Purpose: Road traffic incidents cause delay, affect public safety and the environment. The CEDR PRIMA project aims to extend practical guidance for traffic managers in pro-active Traffic Incident Management (TIM) techniques to reduce the impacts and associated costs of incidents.

Methods: The paper describes modelling methods used in the project for assessing the effect of different management techniques on incident duration and travel delay under various scenarios, including collision, adverse weather, heavy vehicle breakdown and other obstruction, assuming various management strategies and generic impacts of novel technologies. Macroscopic simulations of 178 variations of 13 basic scenarios have been performed using a flexible and computationally efficient macroscopic queue model, results being verified by simulation using a velocity-based Cell Transmission Model (CTM-v).

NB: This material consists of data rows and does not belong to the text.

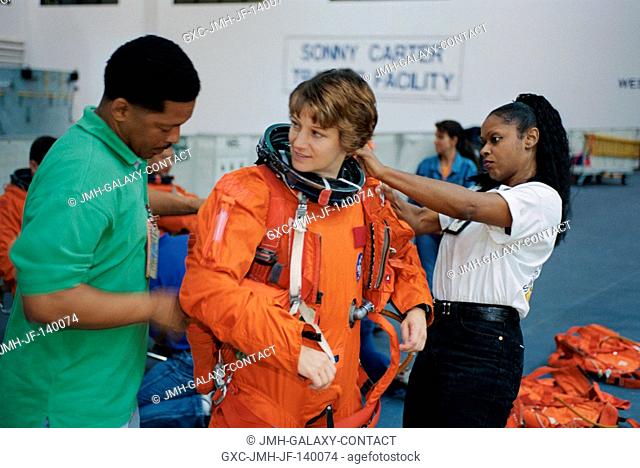 Astronaut Eileen M. Collins, STS-114 mission commander, dons a training version of the shuttle launch and entry suit, prior to the start of a mission training...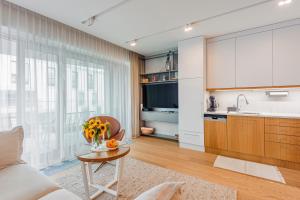 a living room with a table and a kitchen at Little Monaco - Yacht Park in Gdynia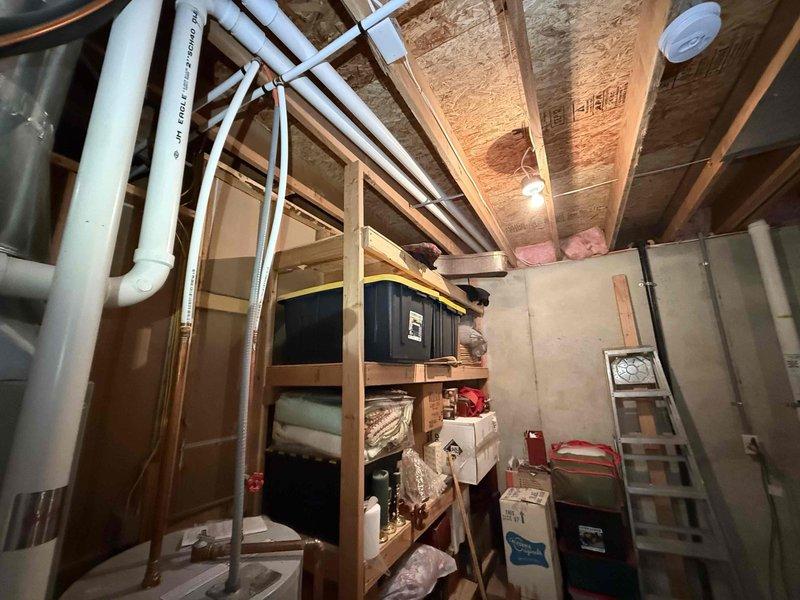 Conducted comprehensive evaluation of 10-year-old residential water heater located in basement utility area. Assessed existing unit's operational status, inspected copper supply lines, brass shut-off valves, metal flue venting system, and PVC drainage connections. Documented current installation configuration including all plumbing connections and clearances to provide accurate replacement estimate for new water heater installation.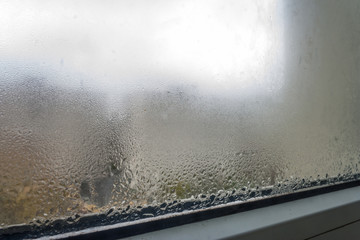 Condensation on the glass in the fall, when the apartment has not yet turned on central heating, and the street is cold.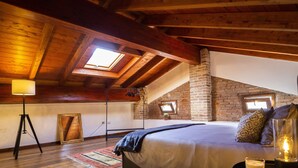 Slaapkamer in loftstijl met schuin dak, zichtbare houten balken, een haard van baksteen en een groot bed met uitzicht op de lucht via dakramen.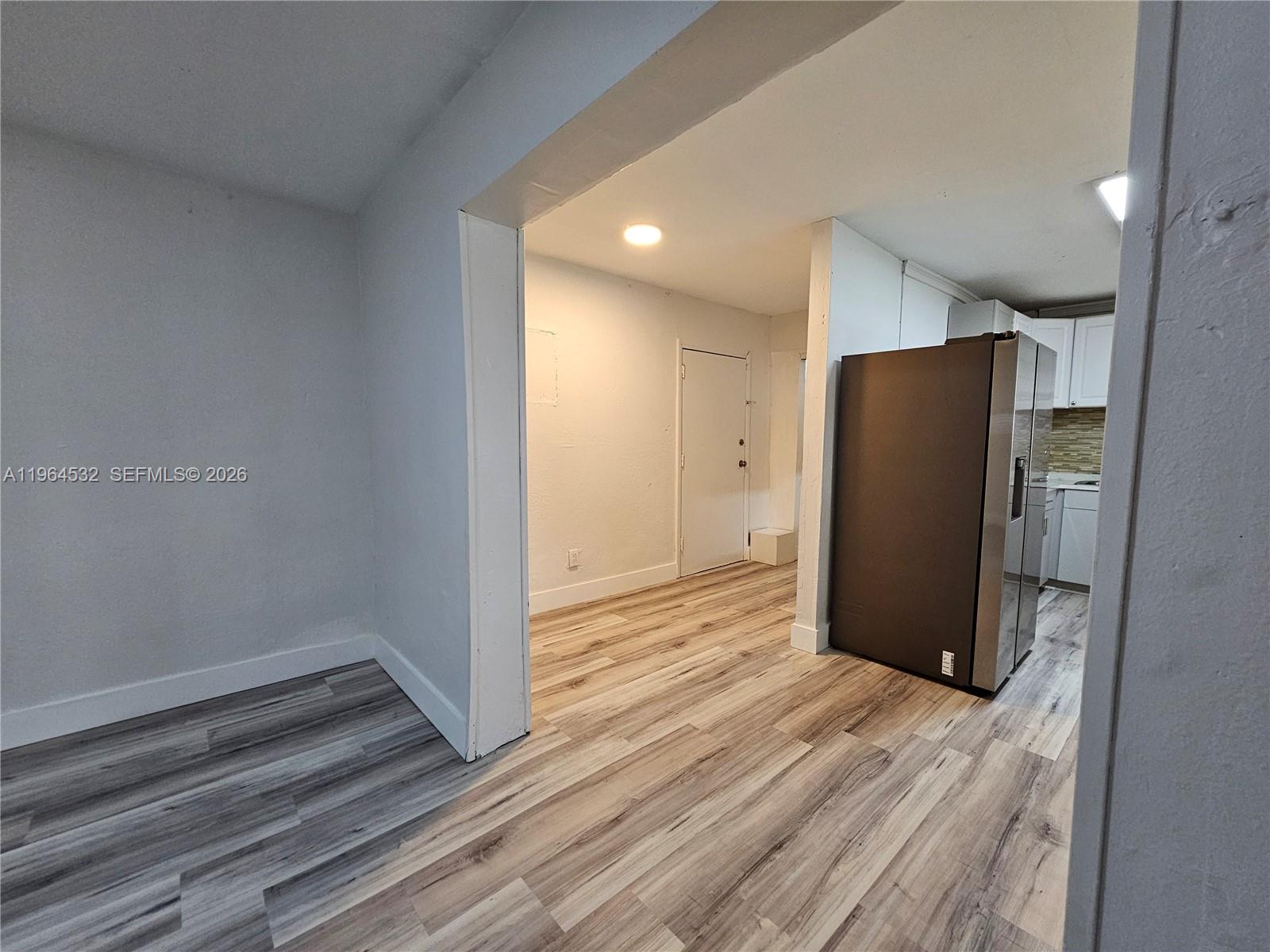 1727 Fletcher Street, Unit 1 Hollywood, FL 33020 - Photo 5 of 31 a view of an empty room with wooden floor and a window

Results: The results of the two modelling methods are broadly consistent. While delays estimated by the two methods can differ by up to 20%, this is small compared to the factor of 30 range of modelled delays caused by incidents, depending on their nature and circumstances, and is not sufficient to affect general conclusions. Under the peak traffic conditions assumed, the most important factor affecting delay is whether running lanes can be kept open, but quick clearance of carriageway is not always feasible.

Conclusions: Comparison of two very different modelling methods confirms their consistency within the context of highly scenario-dependent results, giving confidence in the results. Future research and data needs include further validation of the models, potential application to traffic flow and conflict prediction and incident prevention, and more complete and consistent recording of incident timelines and impacts.